This chapter contains:
- adding custom entities to spacy

In [24]:
import spacy
from spacy.lang.en import English
from spacy.pipeline import EntityRuler
import json

In [25]:
# create customized labels
def creat_training_data(data, data_type):
    patterns = []
    
    for item in data:
        pattern = {
            "label": data_type,
            "pattern": item           
        }
        patterns.append(pattern)
    return patterns
        
# prepare costumized entities, possibly you may modify or clean them
characters = list(characters_dictionary.keys())    
characters += ' '.join(characters).split()
stoplist = ['the','and', 'i', 'he']
characters = [character for character in characters if character.lower() not in stoplist]
characters += [character.upper() for character in characters] + [character.title() for character in characters]
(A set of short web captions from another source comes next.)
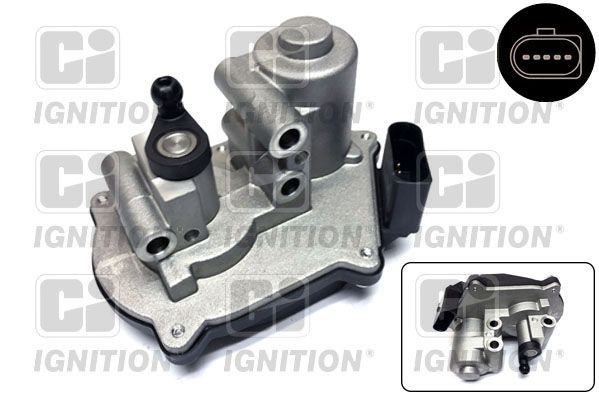 QUINTON HAZELL Regolatore, Valvola commutazione(Collett. aspiraz.) XPOT616 XPOT616 costo Valvola, regolazione aria-aria aspirazione QUINTON HAZELL PEUGEOT 107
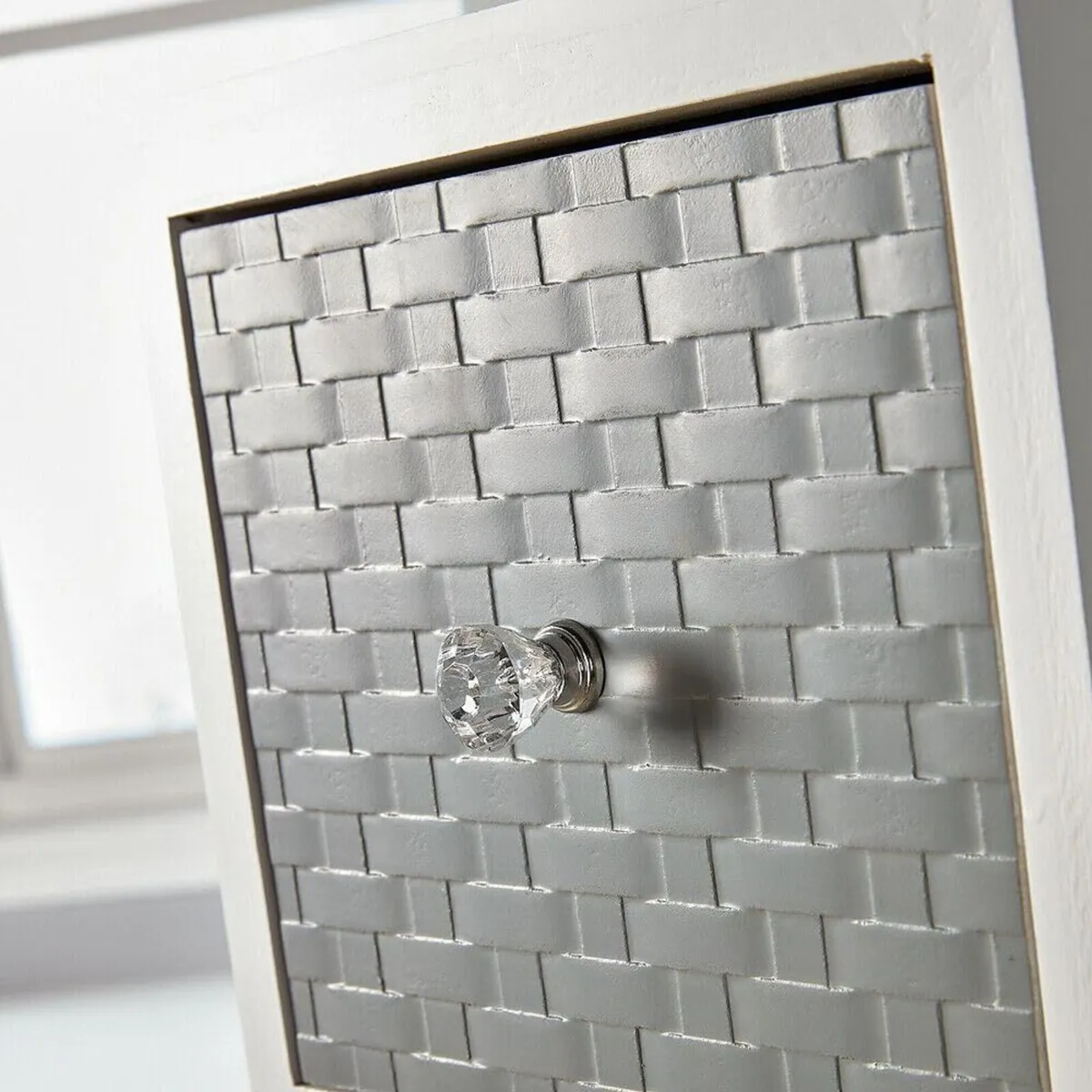 Chest of Drawers Wooden Tallboy Storage Bedroom - Image 4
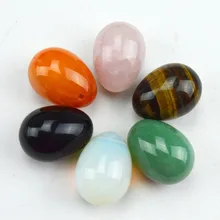 6 Pcs small 30*20mm jade egg for kegel exercise chakra massage pelvic floor muscles vaginal exercise yoni ben wa ball 6 Pcs small 30*20mm jade egg for kegel exercise chakra massage pelvic floor muscles vaginal exercise yoni ben wa ball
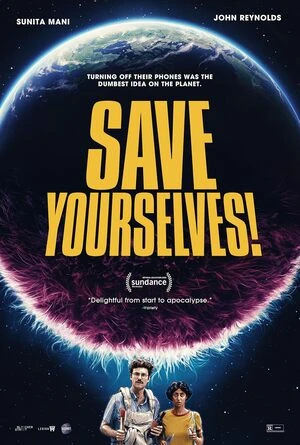 Save Yourselves! 2020 Dual Audio WEB-DL | Dubbed Hindi Movie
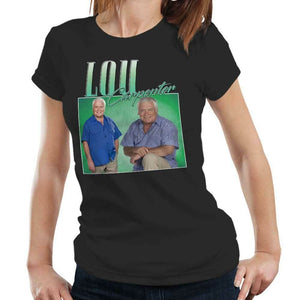 Lou Carpenter Appreciation Tshirt Fitted Ladies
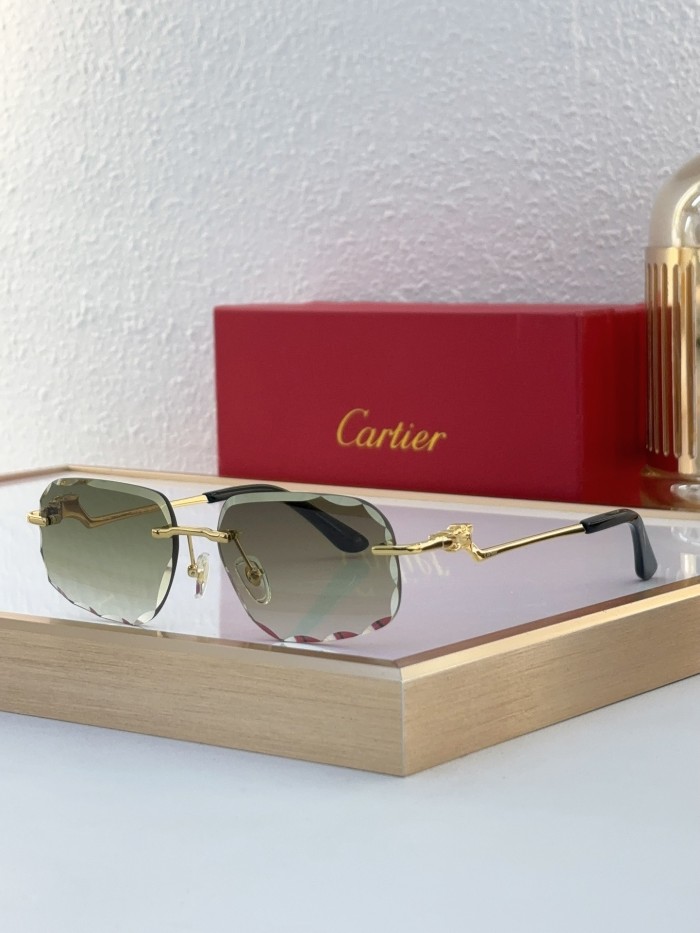Cartier Sunglasses AAAA-8031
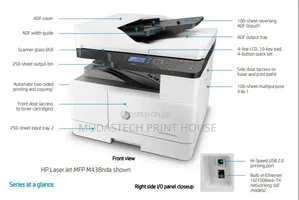 Hp Laserjet A3 Black and White Wireless Brand New Photocopy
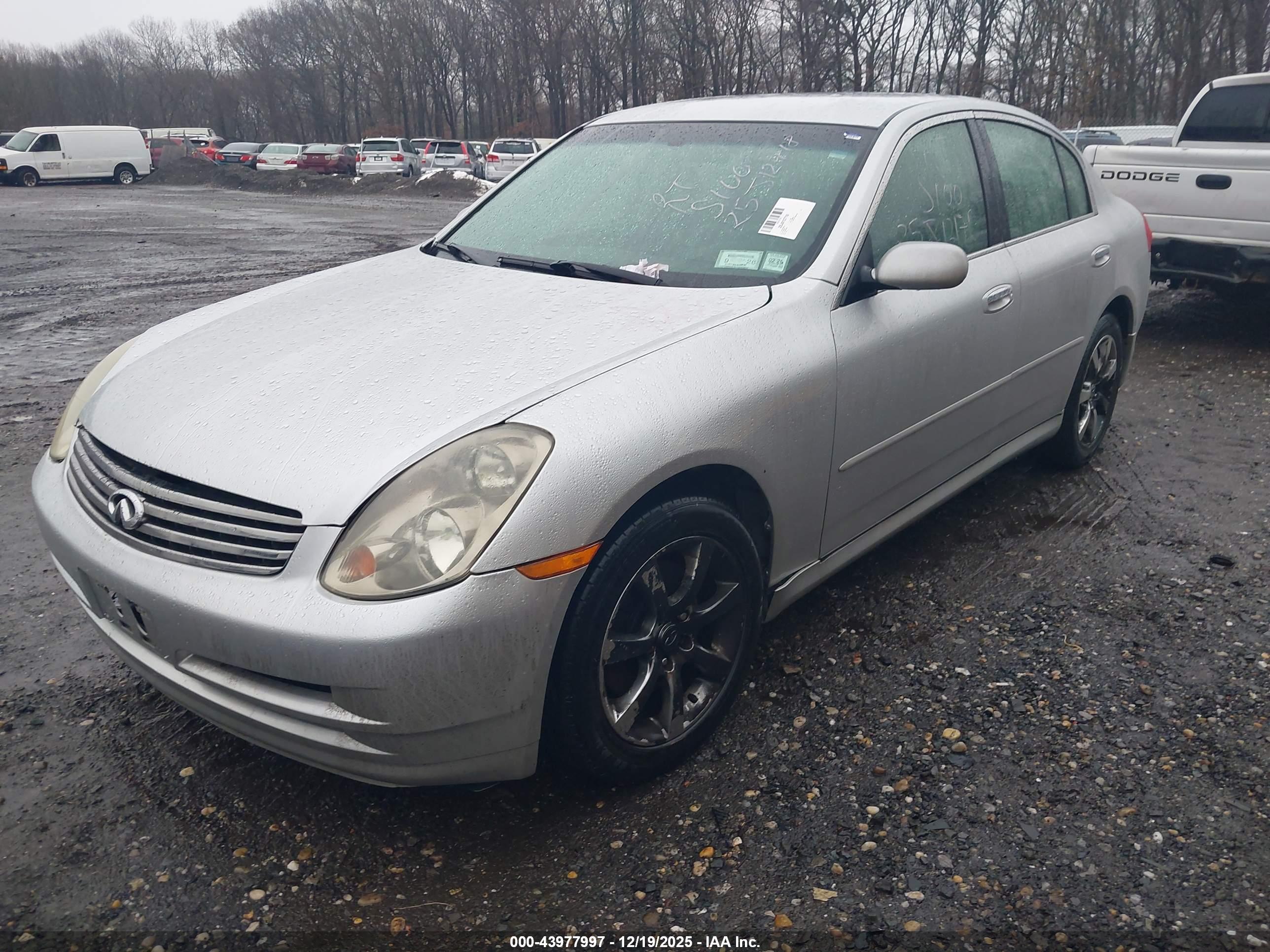 INFINITI G35X image 2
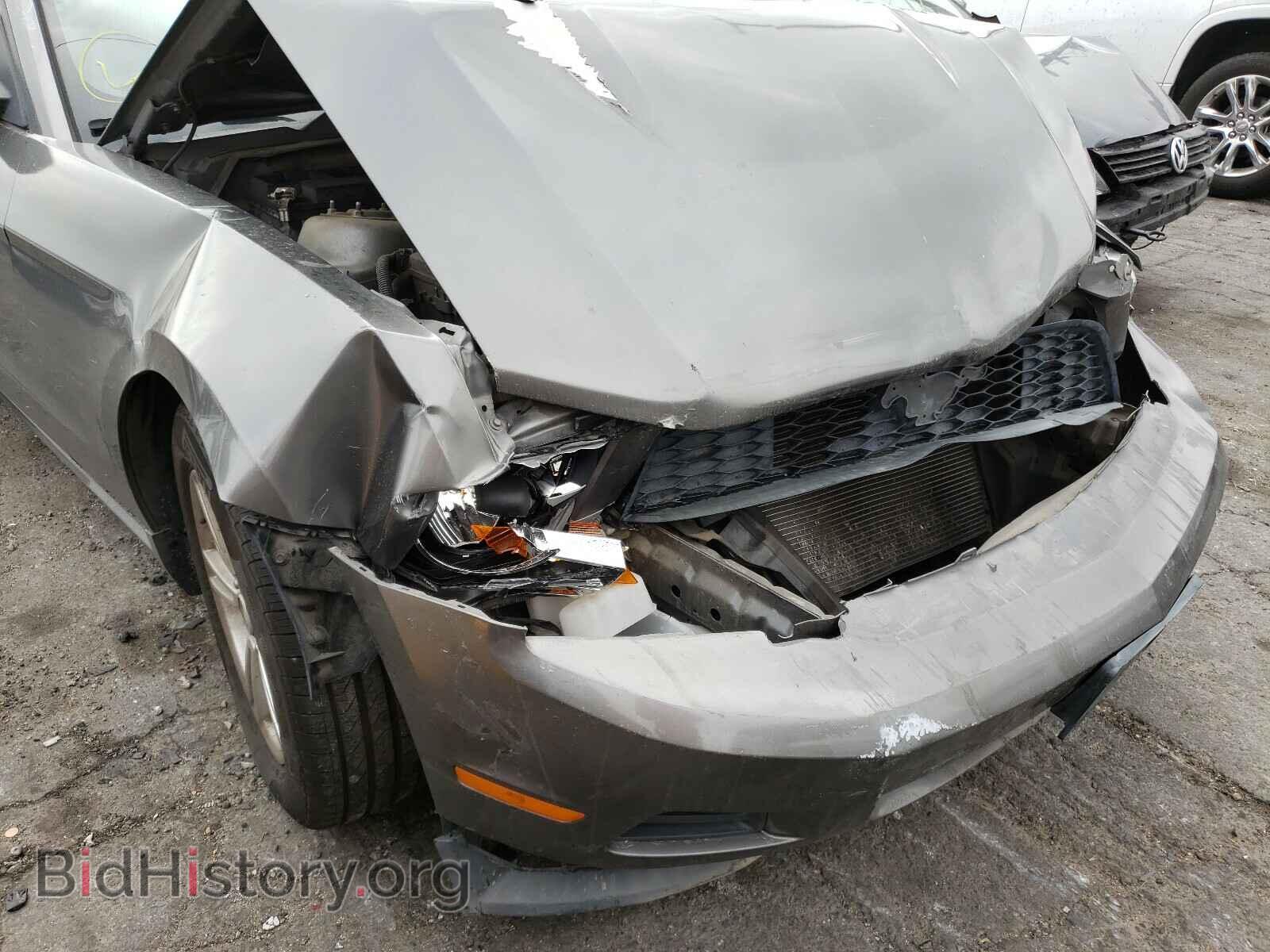 2011 FORD MUSTANG - VIN: 1ZVBP8EM7B5118077 - Фото 9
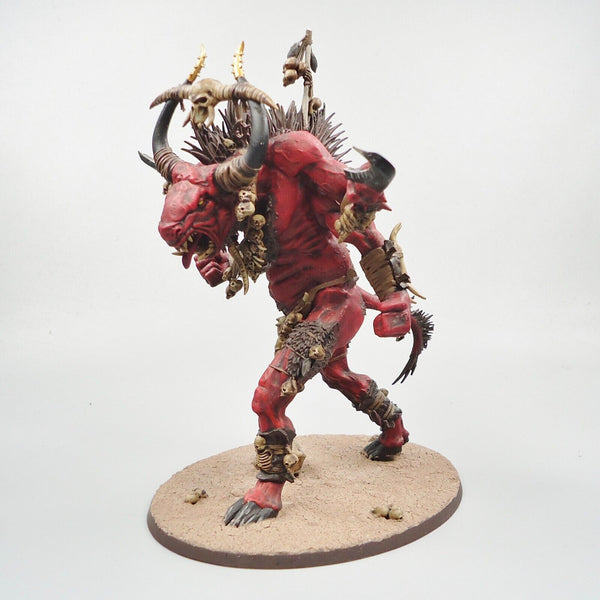 Warhammer Fantasy Age of Sigmar Army Beasts Of Chaos Beastmen Ghorgon Painted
# apply the new entities and save them as "pattern"
patterns = creat_training_data(data=sorted(set(characters)), data_type="HP_CHAR")

print(patterns[:10])

[{'label': 'HP_CHAR', 'pattern': '"BILL"'}, {'label': 'HP_CHAR', 'pattern': '"Bill"'}, {'label': 'HP_CHAR', 'pattern': '"RON"'}, {'label': 'HP_CHAR', 'pattern': '"ROSIE"'}, {'label': 'HP_CHAR', 'pattern': '"Ron"'}, {'label': 'HP_CHAR', 'pattern': '"Rosie"'}, {'label': 'HP_CHAR', 'pattern': '"TEDDY"'}, {'label': 'HP_CHAR', 'pattern': '"Teddy"'}, {'label': 'HP_CHAR', 'pattern': "'MAD-EYE'"}, {'label': 'HP_CHAR', 'pattern': "'Mad-Eye'"}]


In [26]:
# create a new blank model and save the new "patterns" in it
def generate_rules(patterns):
    nlp = English()
    ruler = EntityRuler(nlp)
    ruler.add_patterns(patterns)
    nlp.add_pipe(ruler)
    # the model will be saved as 'hp_ner', you may choose a different name
    nlp.to_disk('hp_ner')
    
generate_rules(patterns)

In [29]:
# we can load our customized patterns also from a file
nlp = spacy.load('hp_ner')

# a quick test shows, that our Model still labels text as expected
sentence = 'Mr. and Mrs. Dursley visited their son Dudley.'
doc = nlp(sentence)

for ent in doc.ents:
    print(ent.text, ent.label_)

Mr. HP_CHAR
Mrs. Dursley HP_CHAR
Dudley HP_CHAR


In [30]:
# let's retry the former wrong labeled sentences

doc = nlp('Nagini is a company')
for ent in doc.ents:
    print(ent.text, ent.label_)
    
doc = nlp('Dursley is a company')
for ent in doc.ents:
    print(ent.text, ent.label_)

Nagini HP_CHAR
Dursley HP_CHAR


# 06 Training a spaCy NER model

This chapter contains:
- training a customized model

In [31]:
# random will be used to shuffle the train data
import random

In [33]:
# use customized entities to tag the data, we reparse every sentence with our new model using nlp()
hp_sentences_new = [nlp(sentence.text) for sentence in hp_sentences]

In [35]:
# create train data

#############
#
# The training data concists of the raw sentence as text and the position of all entities and there labels
# Dudley is the son of Dursley. entities: [(0,7, 'HP_CHAR'), (21,27, 'HP_CHAR')] 
# 0----6...............21---27.
#
# TRAIN_DATA[(text, {"entities":[(start_entity, end_entity, label)]})]
#
# In this example we are only using the customized label 'HP_CHAR'. 
# In more complex models, there can also be multiple labels, the data structure would be the same.
#
##############

from tqdm import tqdm
train_data = []

#loop over sentences
for sentence in tqdm(hp_sentences_new):
    # get and save entites per sentence
    entities = []
    for ent in sentence.ents:
        entities.append( (ent.start_char, ent.end_char, ent.label_) )
        
    # if sentence doesn't contain any entities skip it
    if len(entities)>0:
        result = [sentence.text, {"entities": entities}]
        train_data.append(result)
        
train_data[:5]

100%|██████████| 7391/7391 [00:00<00:00, 53503.71it/s]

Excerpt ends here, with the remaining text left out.